(WHAT THE EXERCISE ASKS): Reproduce the entries in full. Exclude all images from the copy.

Captioned web image data
______________________________
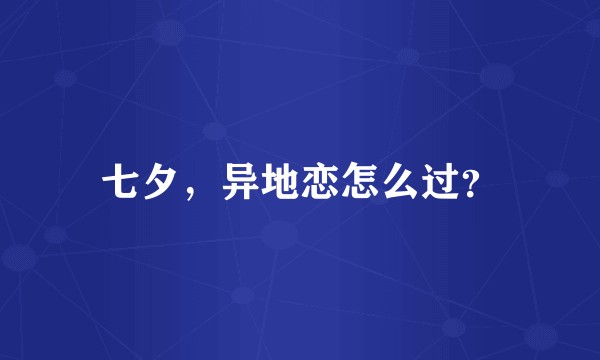 七夕，异地恋怎么过？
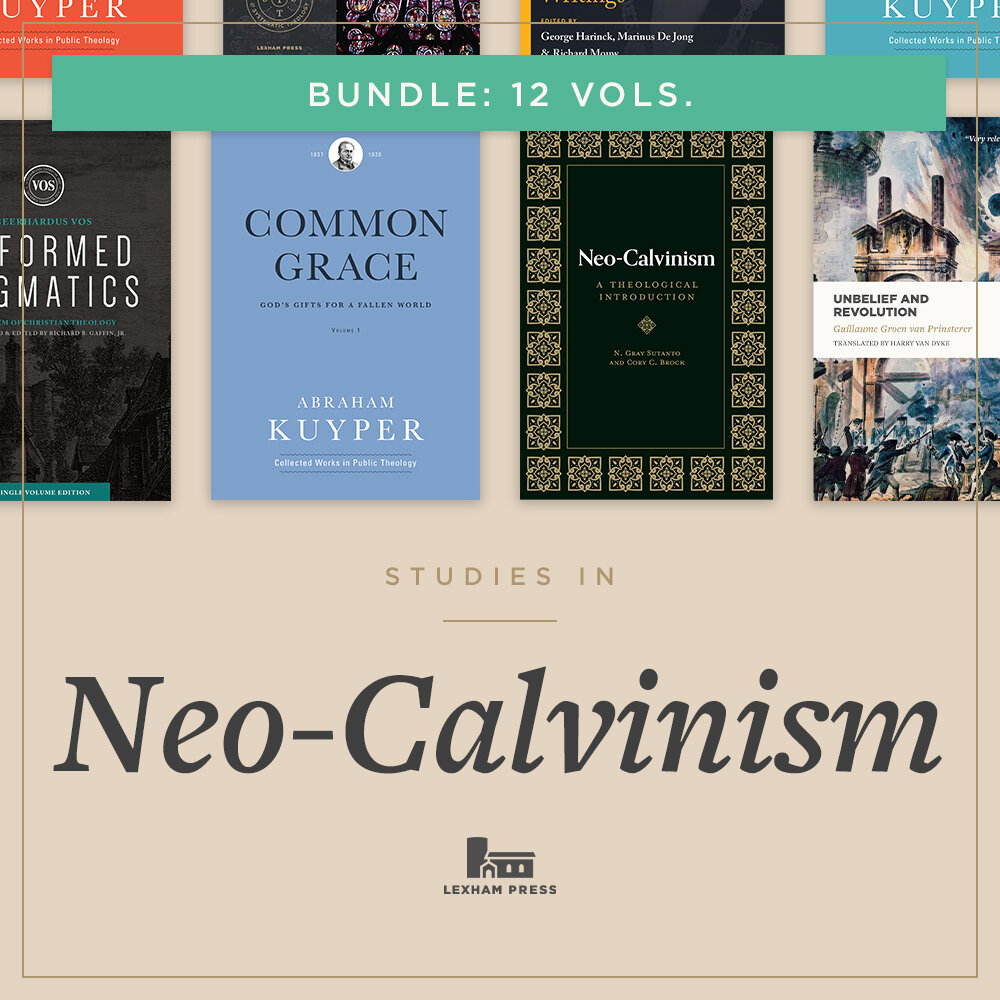Lexham Press Neo-Calvinism Bundle (12 vols.)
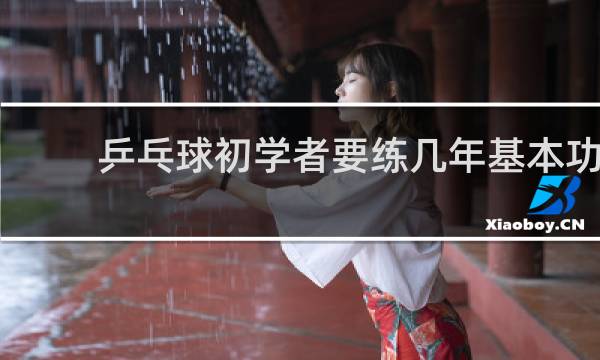 乒乓球初学者要练几年基本功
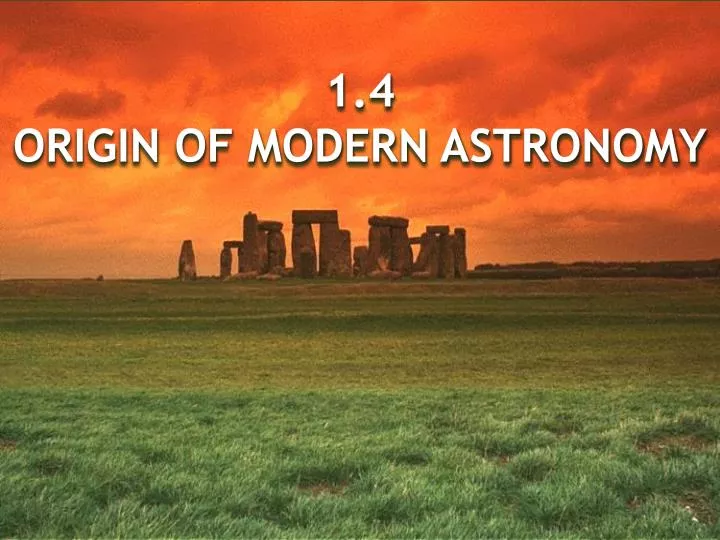 1 4 origin of modern astronomy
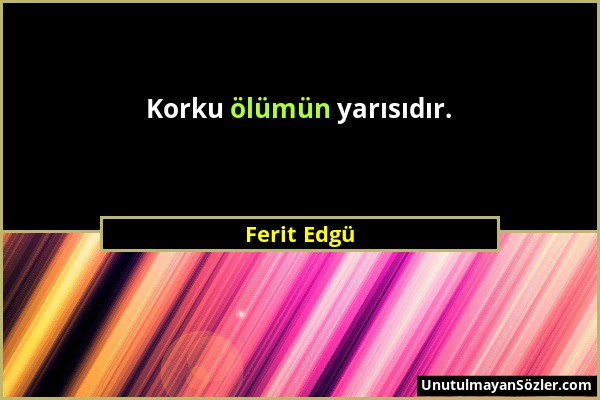 Ferit Edgü - Korku ölümün yarısıdır....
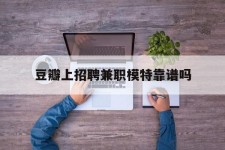 眉山豆瓣上雇用兼职模特靠谱吗的简单介绍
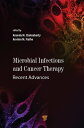 Microbial Infections and Cancer Therapy【電子書籍】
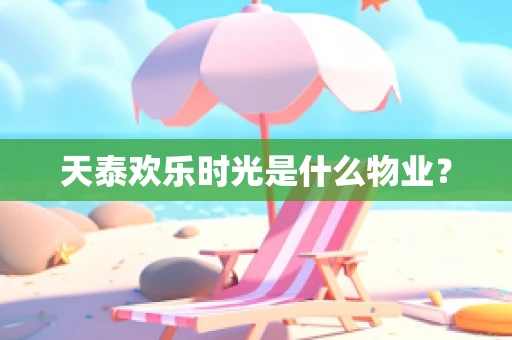 天泰欢乐时光是什么物业？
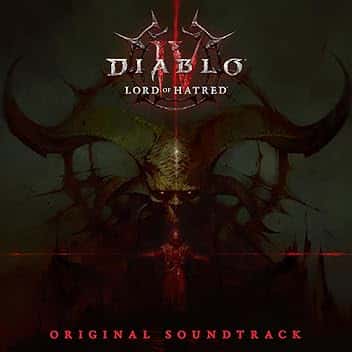 Diablo IV: Lord of Hatred Original Soundtrack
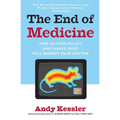 The End of Medicine: How Silicon Valley (and Naked Mice) Will Reboot Your Doctor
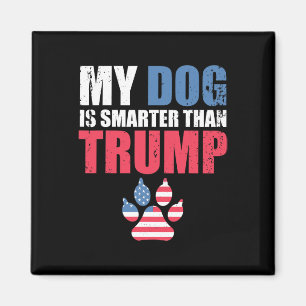 Dog Is Smarter Than Your President Trump Funny Ant Magnet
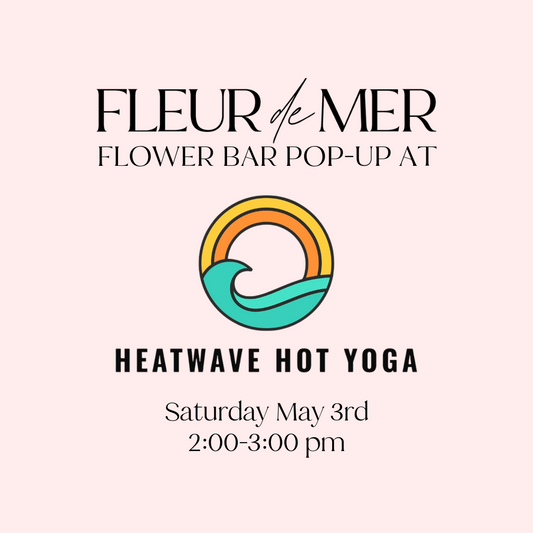 Heatwave Yoga x Fleur de Mer Mother's Day Flower Bar Pre-order | May 3rd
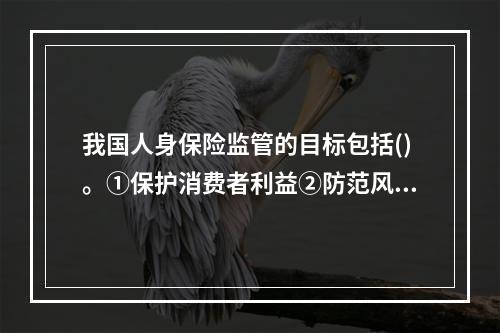 我国人身保险监管的目标包括()。①保护消费者利益②防范风险、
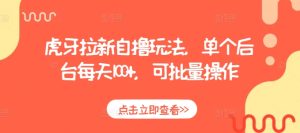 虎牙拉新自撸玩法，单个后台每天100+，可批量操作-KJ分享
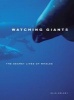 Watching Giants - The Secret Lives of Whales (Paperback) - Elin Kelsey Photo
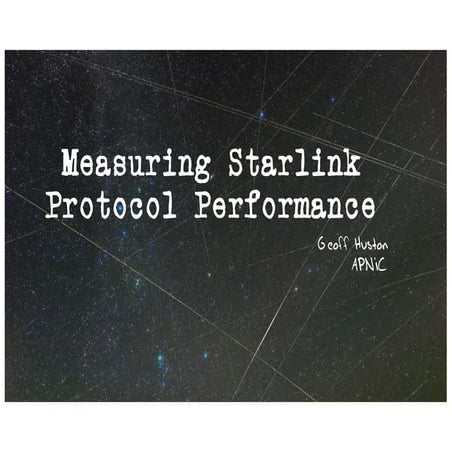 Measuring Starlink Protocol Performance, NANOG 93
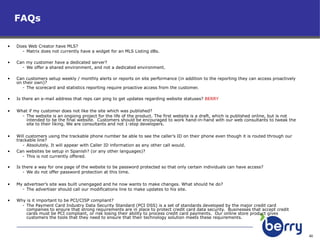 FAQs  Does Web Creator have MLS?  Matrix does not currently have a widget for an MLS Listing dBs.  Can my customer have a dedicated server?  We offer a shared environment, and not a dedicated environment. Can customers setup weekly / monthly alerts or reports on site performance (in addition to the reporting they can access proactively on their own)?  The scorecard and statistics reporting require proactive access from the customer.  Is there an e-mail address that reps can ping to get updates regarding website statuses?  BERRY What if my customer does not like the site which was published?  The website is an ongoing project for the life of the product. The first website is a draft, which is published online, but is not intended to be the final website.  Customers should be encouraged to work hand-in-hand with our web consultants to tweak the site to their liking. We are consultants and not 1-stop developers. Will customers using the trackable phone number be able to see the caller’s ID on their phone even though it is routed through our trackable line?   Absolutely. It will appear with Caller ID information as any other call would. Can websites be setup in Spanish? (or any other languages)?  This is not currently offered.  Is there a way for one page of the website to be password protected so that only certain individuals can have access?  We do not offer password protection at this time.  My advertiser’s site was built unengaged and he now wants to make changes. What should he do?  The advertiser should call our modifications line to make updates to his site. Why is it important to be PCI/CISP compliant? The Payment Card Industry Data Security Standard (PCI DSS) is a set of standards developed by the major credit card companies to ensure that strong requirements are in place to protect credit card data security.  Businesses that accept credit cards must be PCI compliant, or risk losing their ability to process credit card payments.  Our online store product gives customers the tools that they need to ensure that their technology solution meets these requirements. 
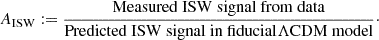 Mathematical equation: $$ \begin{aligned} A_{\rm ISW} := \dfrac{\mathrm{Measured\ ISW\ signal\ from\ data}}{\mathrm{Predicted\ ISW\ signal\ in\ fiducial} \Lambda \mathrm{CDM\ model}}\cdot \end{aligned} $$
______________________________
(WORKED SOLUTION):
 七夕，异地恋怎么过？
Lexham Press Neo-Calvinism Bundle (12 vols.)
 乒乓球初学者要练几年基本功
 1 4 origin of modern astronomy
 Ferit Edgü - Korku ölümün yarısıdır....
 眉山豆瓣上雇用兼职模特靠谱吗的简单介绍
 Microbial Infections and Cancer Therapy【電子書籍】
 天泰欢乐时光是什么物业？
 Diablo IV: Lord of Hatred Original Soundtrack
 The End of Medicine: How Silicon Valley (and Naked Mice) Will Reboot Your Doctor
 Dog Is Smarter Than Your President Trump Funny Ant Magnet
 Heatwave Yoga x Fleur de Mer Mother's Day Flower Bar Pre-order | May 3rd
 我国人身保险监管的目标包括()。①保护消费者利益②防范风险、
 虎牙拉新自撸玩法，单个后台每天100+，可批量操作-KJ分享
 Watching Giants - The Secret Lives of Whales (Paperback) - Elin Kelsey Photo
 Measuring Starlink Protocol Performance, NANOG 93
 FAQs  Does Web Creator have MLS?  Matrix does not currently have a widget for an MLS Listing dBs.  Can my customer have a dedicated server?  We offer a shared environment, and not a dedicated environment. Can customers setup weekly / monthly alerts or reports on site performance (in addition to the reporting they can access proactively on their own)?  The scorecard and statistics reporting require proactive access from the customer.  Is there an e-mail address that reps can ping to get updates regarding website statuses?  BERRY What if my customer does not like the site which was published?  The website is an ongoing project for the life of the product. The first website is a draft, which is published online, but is not intended to be the final website.  Customers should be encouraged to work hand-in-hand with our web consultants to tweak the site to their liking. We are consultants and not 1-stop developers. Will customers using the trackable phone number be able to see the caller’s ID on their phone even though it is routed through our trackable line?   Absolutely. It will appear with Caller ID information as any other call would. Can websites be setup in Spanish? (or any other languages)?  This is not currently offered.  Is there a way for one page of the website to be password protected so that only certain individuals can have access?  We do not offer password protection at this time.  My advertiser’s site was built unengaged and he now wants to make changes. What should he do?  The advertiser should call our modifications line to make updates to his site. Why is it important to be PCI/CISP compliant? The Payment Card Industry Data Security Standard (PCI DSS) is a set of standards developed by the major credit card companies to ensure that strong requirements are in place to protect credit card data security.  Businesses that accept credit cards must be PCI compliant, or risk losing their ability to process credit card payments.  Our online store product gives customers the tools that they need to ensure that their technology solution meets these requirements. 
 Mathematical equation: $$ \begin{aligned} A_{\rm ISW} := \dfrac{\mathrm{Measured\ ISW\ signal\ from\ data}}{\mathrm{Predicted\ ISW\ signal\ in\ fiducial} \Lambda \mathrm{CDM\ model}}\cdot \end{aligned} $$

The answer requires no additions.